The news about protein is pretty good. Most of the things you’ve heard are actually true—although there is a fair amount of fine print that gets overlooked. Fine print, as you know, is my specialty. So let’s get out the opera glasses and take a closer look at the claims about protein.

Claim #1: Protein Speeds Up Your Metabolism and Burns Fat and Calories

This one’s true. Protein has a number of documented effects on your metabolism: It’s been shown to increase thermogenesis, decrease energy efficiency, and improve the metabolism of fats…all of which can help you use up more calories than you otherwise would.

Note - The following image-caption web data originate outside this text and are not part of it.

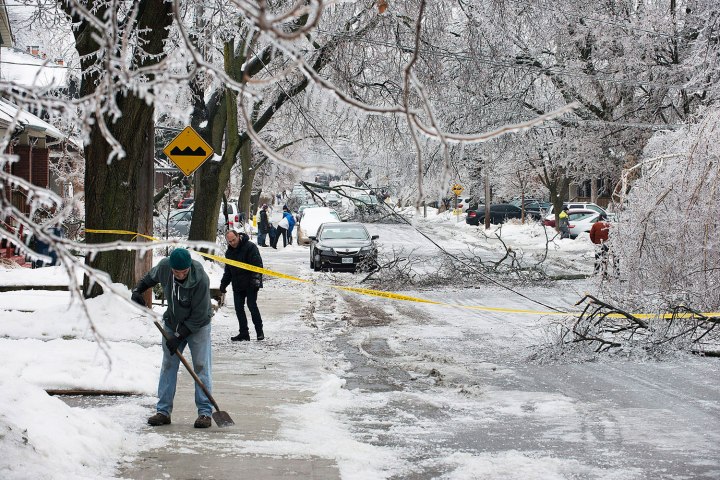 People clear the sidewalks on a closed off street in Toronto after an ice storm knocked down trees and power lines in much of the city, on Dec. 22, 2013.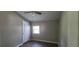 Cozy bedroom with natural light from the window and wood-look floors at 2917 Joe Jerkins Blvd, Austell, GA 30106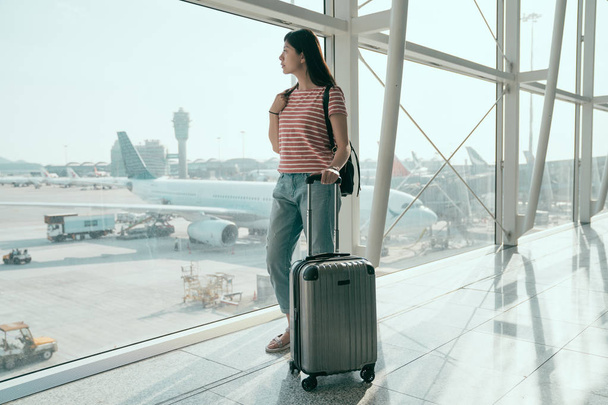 full length of travel female tourist standing with luggage watching outdoor view at airport window. chinese woman at lounge looking at airplanes while waiting at boarding gate before departure. - Photo, Image
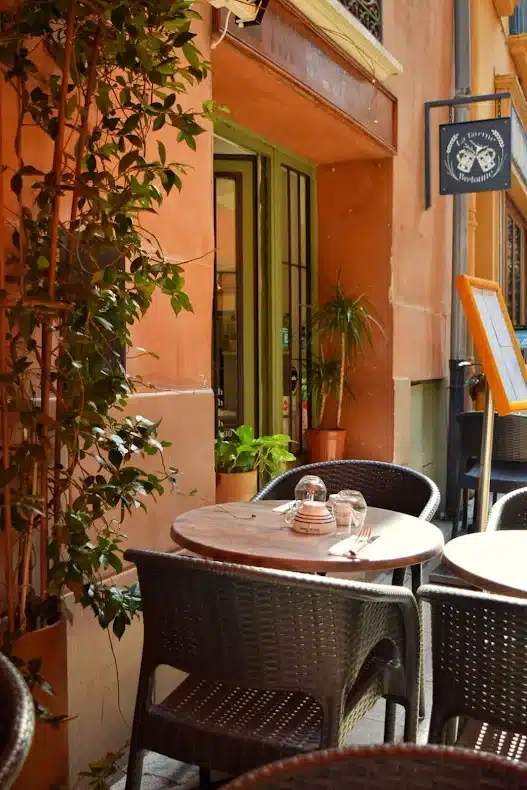 Terrasse de La Taverne Bretonne avec table dressée, chaises tressées et plantes devant une façade orange ensoleillée.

The fine print with this one has to do with the magnitude of these effects. The ways these studies are reported in the press can be misleading. For example, here’s an example I found on the Internet: “A study in the Journal of [Human] Nutrition and Dietetics found that high protein meals significantly improved fat metabolism.”

Now, when most of us hear that something made a significant difference, we understand that to mean that the difference was meaningful—because that’s the way we use this word in regular life. But when statisticians say that a finding was “significant,” they’re only saying they’re 95% sure that it wasn’t just due to chance or random variation. In other words, an effect may be statistically significant without being terribly meaningful in the real world.

So, while it may be technically true that eating more protein will cause you to burn more calories, it might take a year or two for those extra calories to add up to just one pound of weight loss. Still, every little bit counts.

Claim #2: Eating More Protein Helps You Eat Less

This may be true. Higher protein meals tend to keep you satisfied for longer—and this can be helpful for those who are trying to watch their calories. Let’s say you’re trying to lose a few pounds, so you cut back on calories. As a result, you’ll probably feel some hunger. At this point, it can go one of two ways. Either you cave in and eat, thwarting your weight loss efforts. Or, you stick to your diet and manage to lose some weight but you’re hungry and miserable the whole time.

Eating more protein when cutting calories keeps you from feeling quite as hungry, and this can make your weight loss attempts either more successful, less unpleasant, or both.

In practical terms, this means that when you’re looking for calories to cut, you want to cut the fats and carbohydrates first. Rather than of cutting your usual breakfast in half and eating one egg and one piece of toast, try eating two eggs and no toast. Instead of eating half a hamburger and bun, eat the whole burger but skip the bun. You get the idea.

Claim #3: Eating More Protein Will Help You Build Muscle

This one is also true. Your body uses protein to build and repair muscle tissue, and exercise increases your need for protein. If you are getting a lot of exercise, getting more protein will help you recover faster and build more muscle tissue.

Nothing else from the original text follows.